Data provided:
* * * * * * *

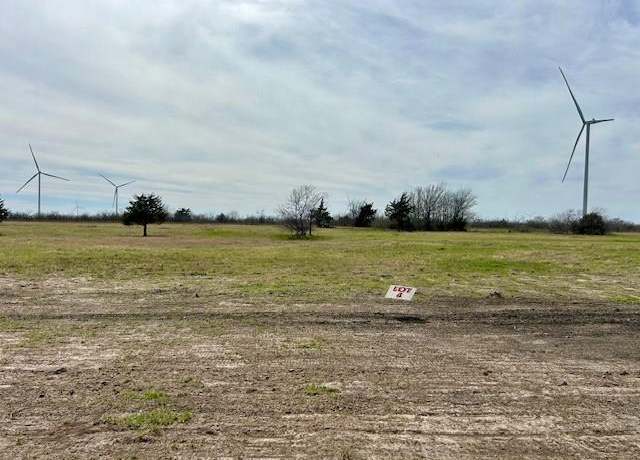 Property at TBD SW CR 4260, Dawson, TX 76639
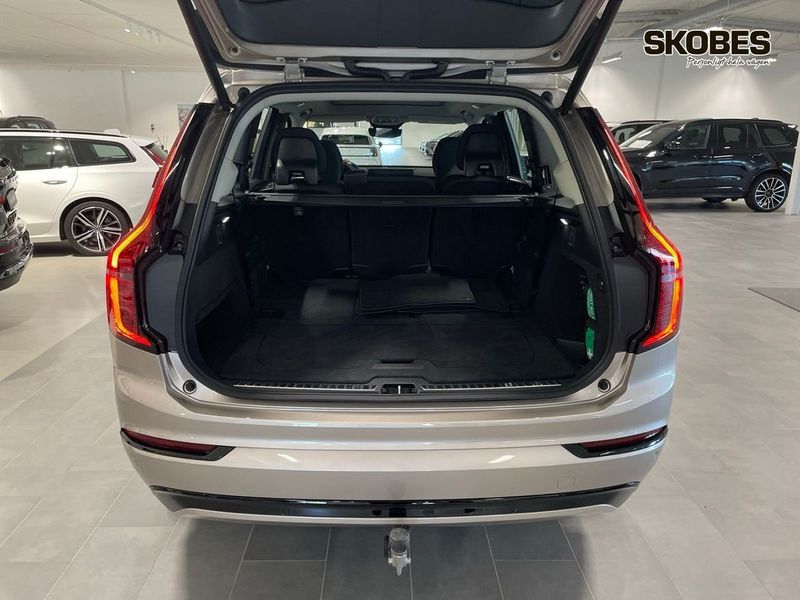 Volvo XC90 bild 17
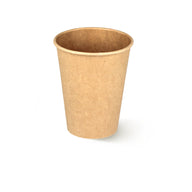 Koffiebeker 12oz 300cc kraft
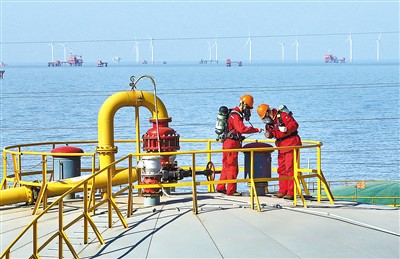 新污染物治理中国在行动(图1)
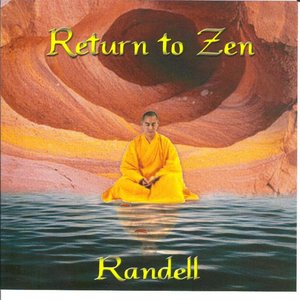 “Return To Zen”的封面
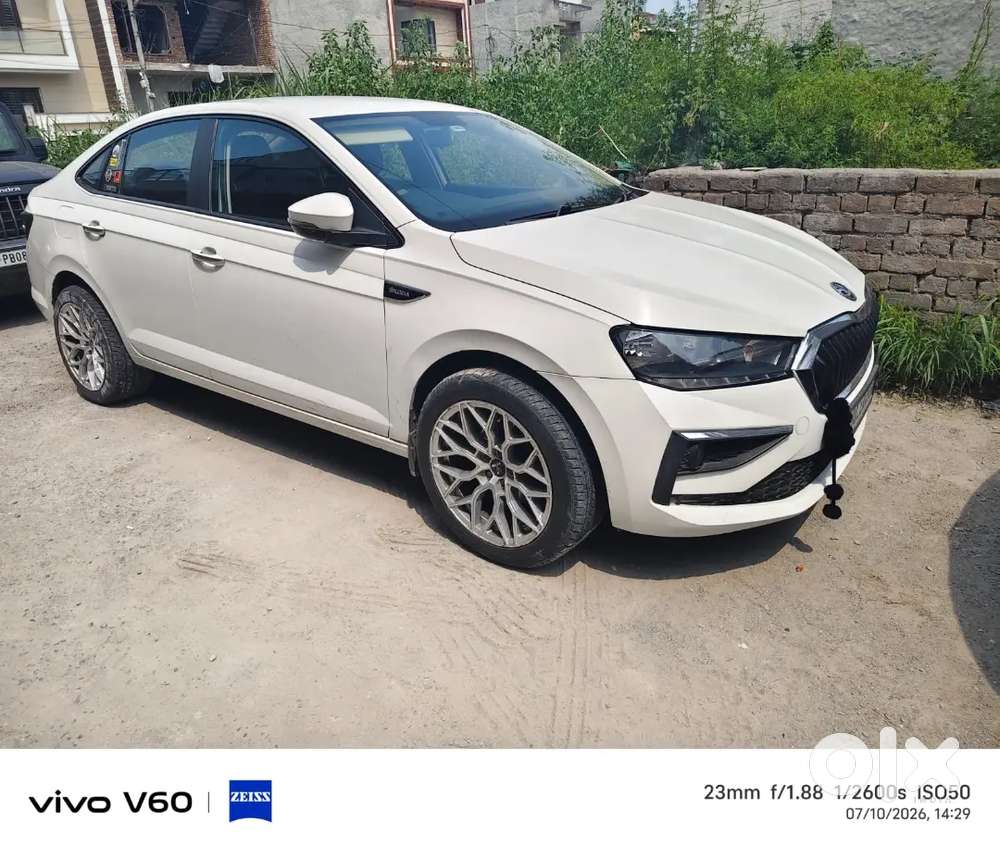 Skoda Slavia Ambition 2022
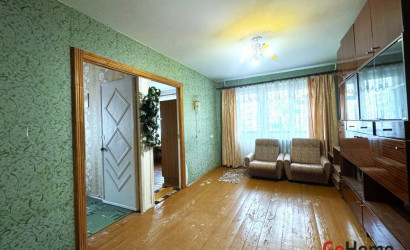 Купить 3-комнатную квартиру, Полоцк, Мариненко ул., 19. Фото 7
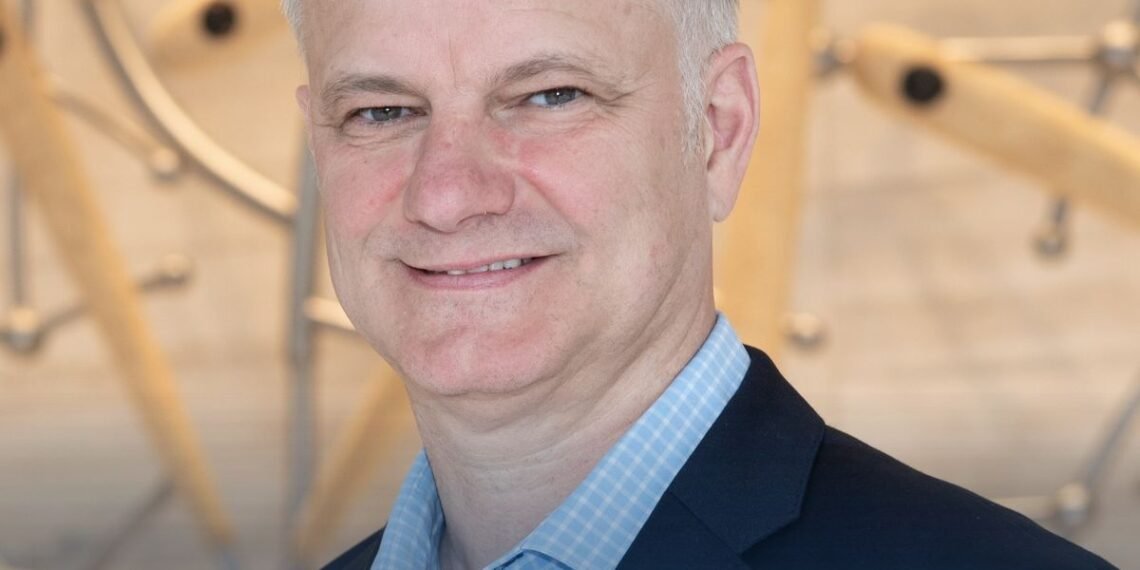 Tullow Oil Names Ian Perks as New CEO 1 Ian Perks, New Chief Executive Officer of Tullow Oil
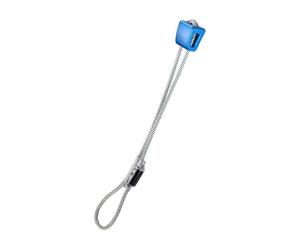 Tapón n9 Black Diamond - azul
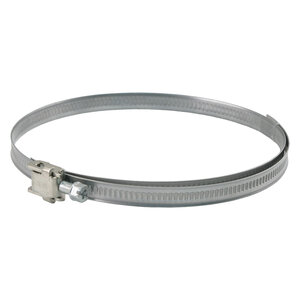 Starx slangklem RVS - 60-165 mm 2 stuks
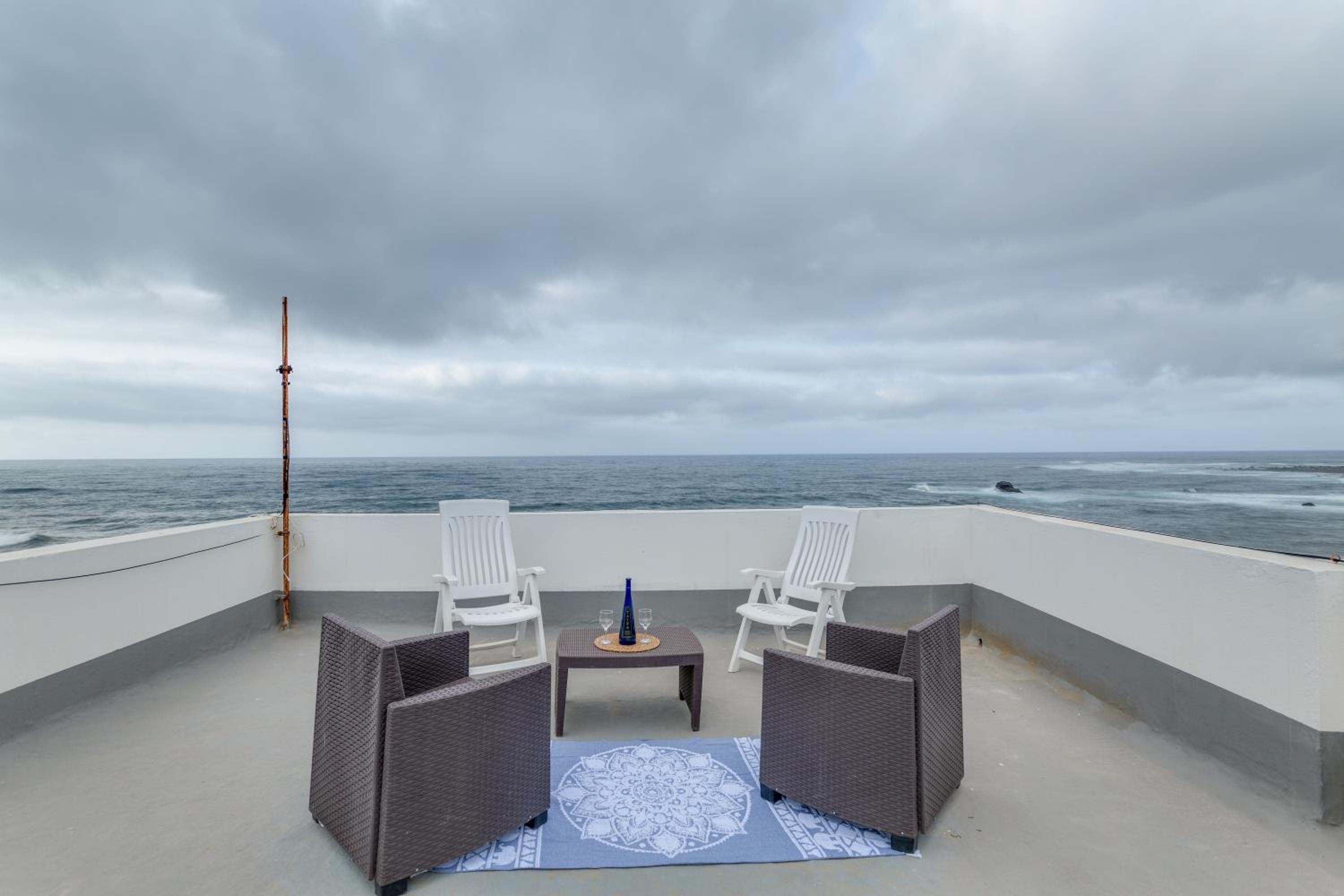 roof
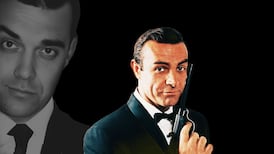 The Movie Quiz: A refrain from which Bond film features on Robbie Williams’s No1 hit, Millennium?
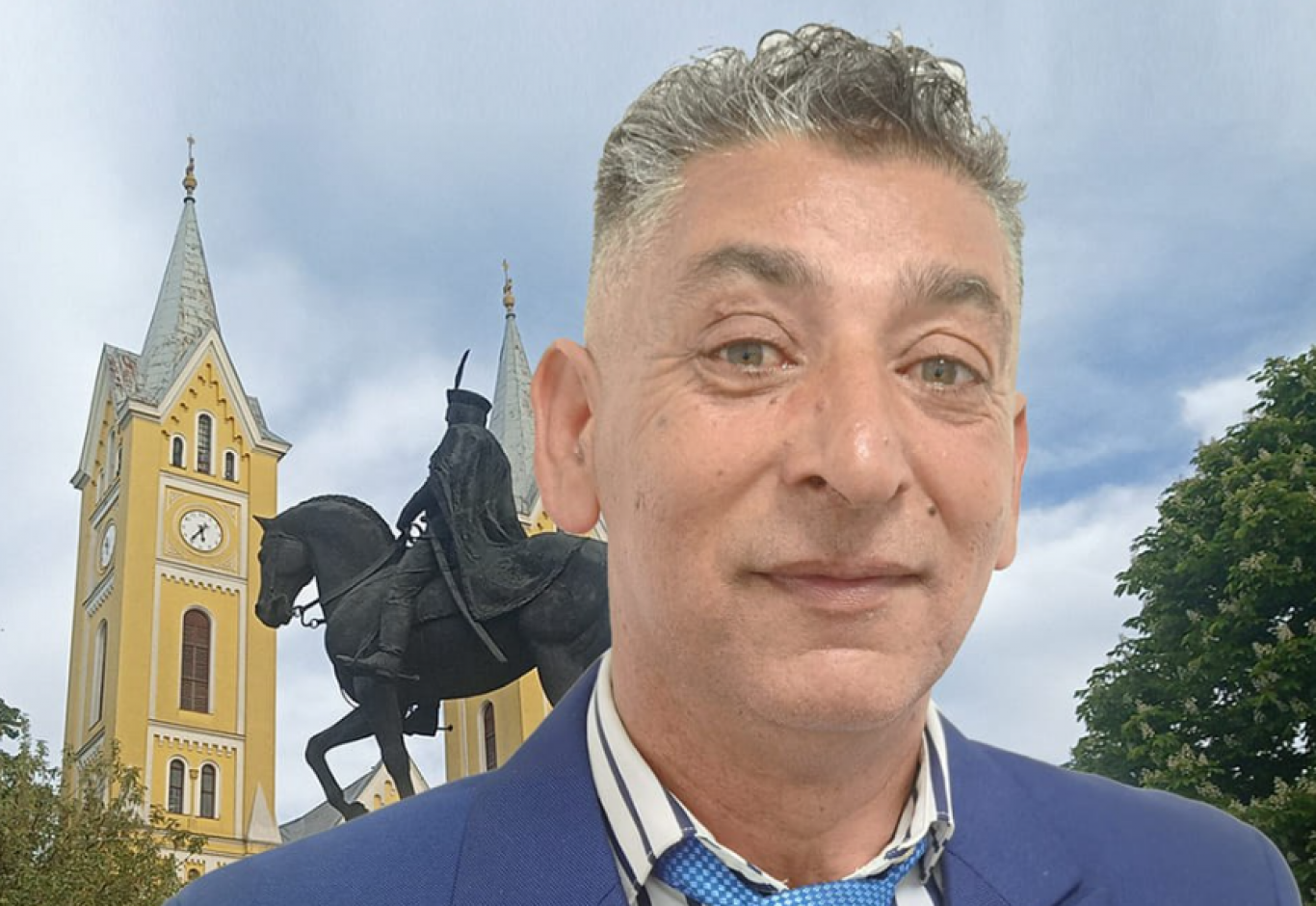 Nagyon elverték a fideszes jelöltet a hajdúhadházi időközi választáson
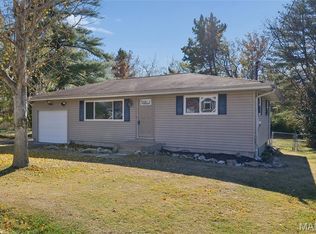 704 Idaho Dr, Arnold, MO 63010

* * * * * * *

What you are asked to do: Reproduce every record word for word. The copy must contain no pictures.

Response:
 Property at TBD SW CR 4260, Dawson, TX 76639
 Volvo XC90 bild 17
 Koffiebeker 12oz 300cc kraft
 新污染物治理中国在行动(图1)
 “Return To Zen”的封面
 Skoda Slavia Ambition 2022
 Купить 3-комнатную квартиру, Полоцк, Мариненко ул., 19. Фото 7
 Tullow Oil Names Ian Perks as New CEO 1 Ian Perks, New Chief Executive Officer of Tullow Oil
 Tapón n9 Black Diamond - azul
 Starx slangklem RVS - 60-165 mm 2 stuks
 roof
 The Movie Quiz: A refrain from which Bond film features on Robbie Williams’s No1 hit, Millennium?
 Nagyon elverték a fideszes jelöltet a hajdúhadházi időközi választáson
 704 Idaho Dr, Arnold, MO 63010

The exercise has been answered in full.